O manifesto-anúncio é emblemático não só pela entonação, arrogante e autoritária. A eliminação dos profissionais caracteriza uma tomada de posição absolutista e presunçosa, análoga à do Rei Sol quando proclamou "O Estado Sou Eu". A Imprensa não é só a Empresa, mas também, e muito, o operador do jornalismo, jogado na rua para cobrir a vida e o mundo, correndo riscos e desgastes. Principalmente carregando a carga de frustração daquela "missão inacabável", referida por Kant.
Por cesarismo, os grandes estrategistas da mídia cometeram um erro estratégico capital. Ungiram-se como os únicos responsáveis pelo atual sistema da mídia que, como sabemos, vive hoje um de seus piores momentos. Anteciparam-se em alguns dias, a Rupert Murdoch que, na mais cínica declaração de um barão jornalístico de todos os tempos, declarou que no caso da princesa morta (pela qual tinha muito respeito), só lamentava o preço alto que foi obrigado a pagar aos paparazzi.
Os deuses escrevem certo por linhas tortas.
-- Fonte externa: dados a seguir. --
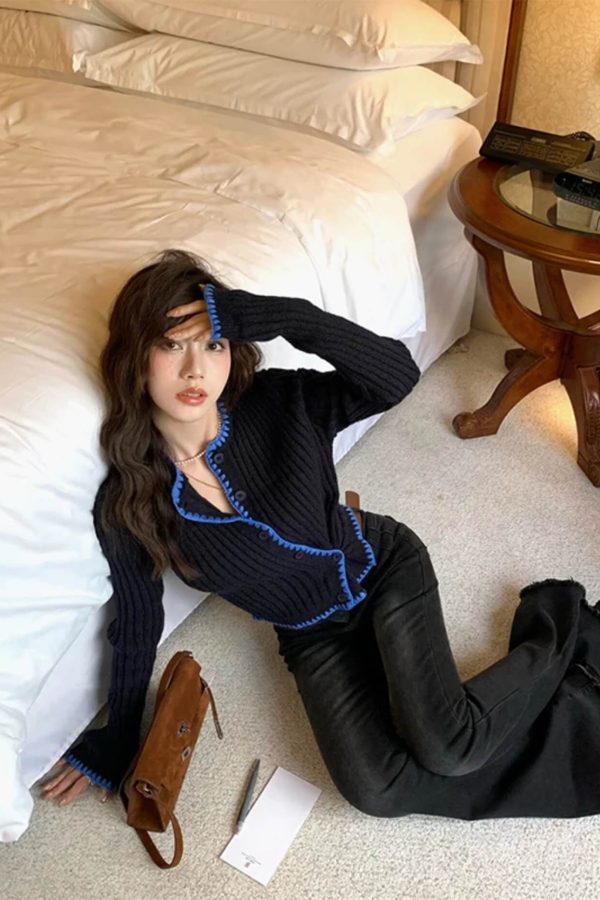 Asymmetric Contrast Trim Knit Cardigan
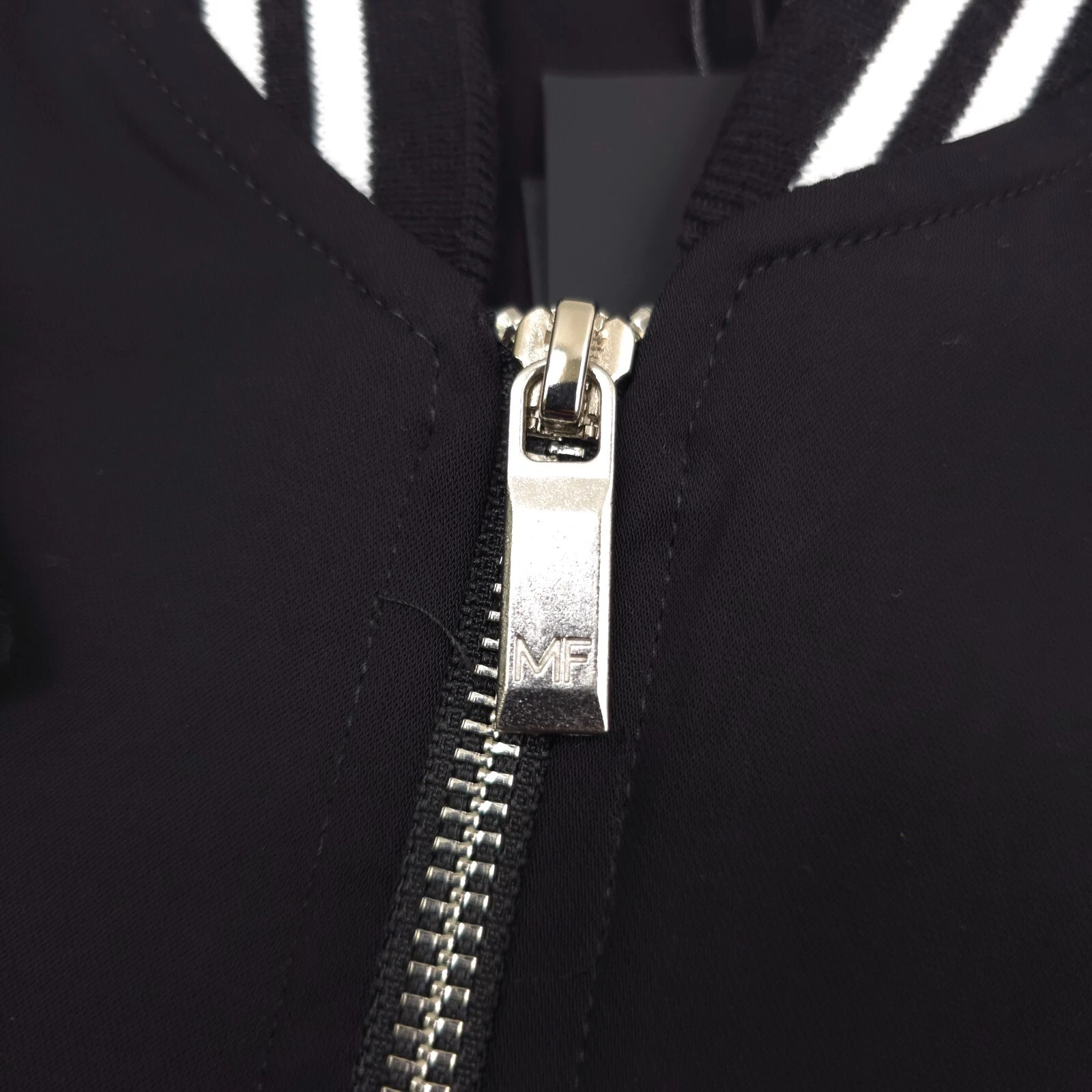 $438 Monfrere Maverick Black & White Bomber Jacket Mens Size Medium image 7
Ao recusar qualquer tipo de instrumento para prover o indispensável jogo de "checks and balances" do regime democrático, os caríssimos empresários agora deverão engolir algo muito pior, porque inepto e de má-fé: o projeto de lei que regula o Direito de Resposta, aprovado "simbolicamente" pelo plenário do Senado na última quarta.
Seu autor é o Filho da Mídia, senador Roberto Requião, que no último verão saiu do anonimato para o picadeiro do circo da notícia, engabelando grande parte da reportagem política de Brasília, sem que ninguém se lembrasse de apresentar aos leitores sua ficha pregressa.
Quem pariu Mateus que o embale, como se diz em Portugal: empresários e jornalistas, finalmente juntos, terão agora algo com o que se ocupar -o pernicioso subproduto de ânsia de produzir sensações, sem averiguar. Enquanto isso, aguardemos "Mad City", em que Dustin Hoffman, novamente repórter, mas já não derrubador de presidentes, explora em seu proveito o sequestro dentro de um museu por um guarda desempregado (Travolta).
Costa-Gavras sabe, como poucos, fazer do escurinho do cinema o lugar para acionar inquietações. Isso, antes, era o papel do jornal.